The upcoming election cycle is becoming increasing dreary and depressing. As I listen to the candidates, I am increasingly convinced that Michael Barone has it exactly right. The Republicans definitely deserve to lose, but the Democrats don’t deserve to win.
I’ve been watching in amazement the increasingly desperate campaign flailings of Mark Kennedy, the Republican nominee for the open U.S. Senate seat here in Minnesota. Kennedy made his bones as a solid, smart and diligent Congressman in the 6th Congressional District, which leans somewhat more conservative than the rest of the state. He is running against Amy Klobuchar, the Hennepin County attorney, who has managed to take a pretty good lead even though she has offered essentially nothing other than her father’s famous last name as a justification for her candidacy.
Kennedy has now run at least three television advertisements, each more incoherent than the first. I wrote about the first, introductory ad in my July 26 entry. This too clever by half advertisement continues to run regularly on Twin Cities television stations. Kennedy’s latest ad suggests that he has a plan to solve high gas prices. He suggests repealing (temporarily) the federal gas tax, and removing any tax breaks that Big Oil is currently getting, and taking the money that this would supposedly net to develop alternative fuels. Okay, let’s look at this.

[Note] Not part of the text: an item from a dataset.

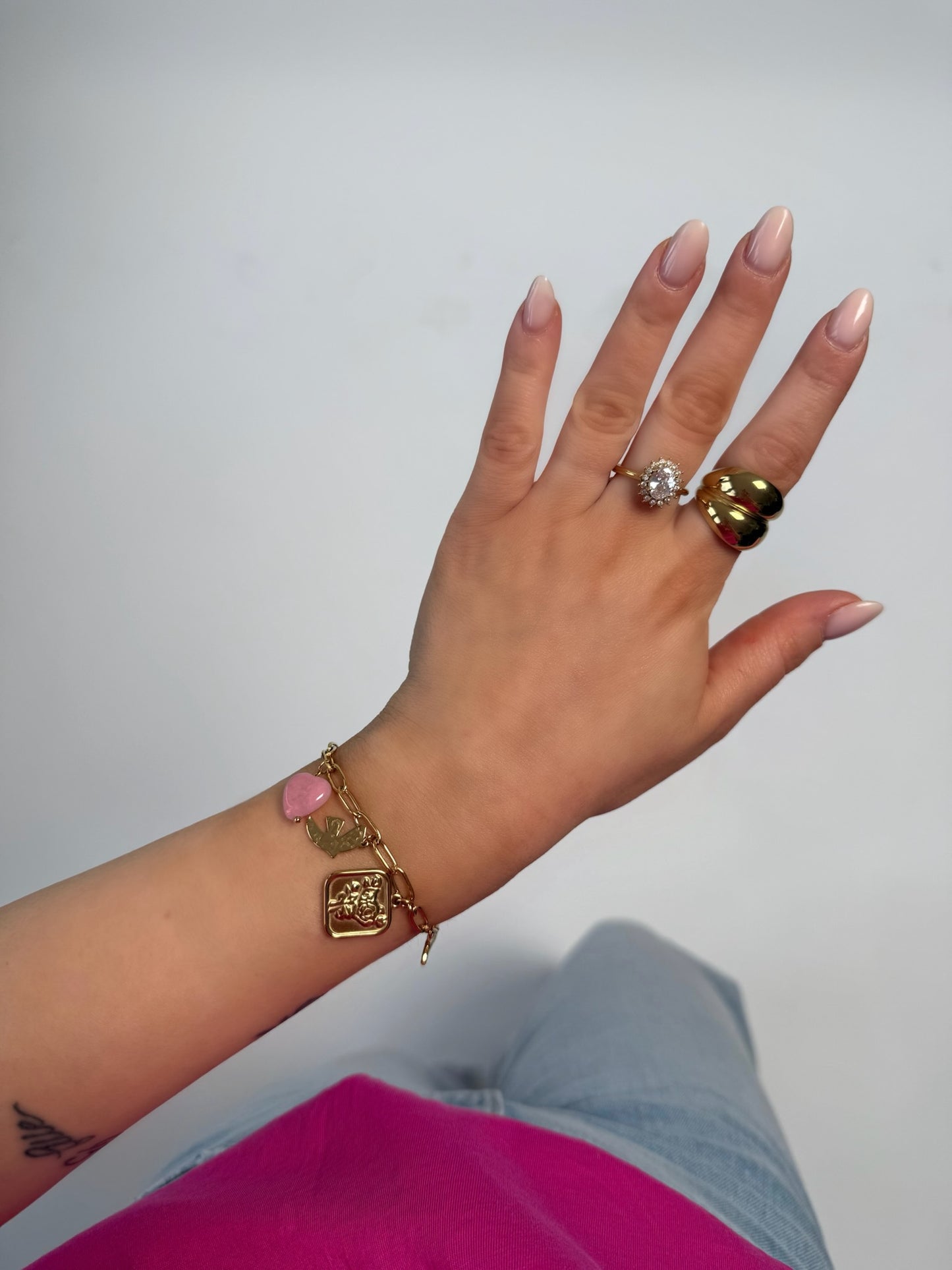 Bracelet breloques Noa en acier inoxydable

· The federal gas tax is $0.183/gallon; this means that, if I put 10 gallons of gas into my car, it would save me $1.83. I paid $2.81/gallon this morning. The $1.83 that I would have saved would have meant I would have paid $2.62/gallon instead. Would it help me? Sure – it would save me about $250/year in the aggregate. If I’m smart, I could use that wisely.
· I really wonder how many tax breaks the oil companies currently get. I don’t think the domestic oil companies are really the issue, as they do not control the price, the overall market does. Unless the US figures out a way to tax the likes of Petronas (Malaysia), Pemex (Mexico) and especially PDVSA (Venezuela) and ARAMCO (Saudi Arabia), and other nationalized oil companies, there won’t be a lot to gain. Here’s a hint – the US has no shot at getting any money from any of these entities.
· Alternative fuels, in the lexicon of any Midwestern politician, means ethanol. And it would be difficult to find something that’s more heavily subsidized than ethanol.
Long and short of it? Kennedy’s proposal is silly. It really doesn’t do anything useful to solve any issue. And it distracts from the real issue – that the Democrats are essentially proposing surrender as their foreign policy.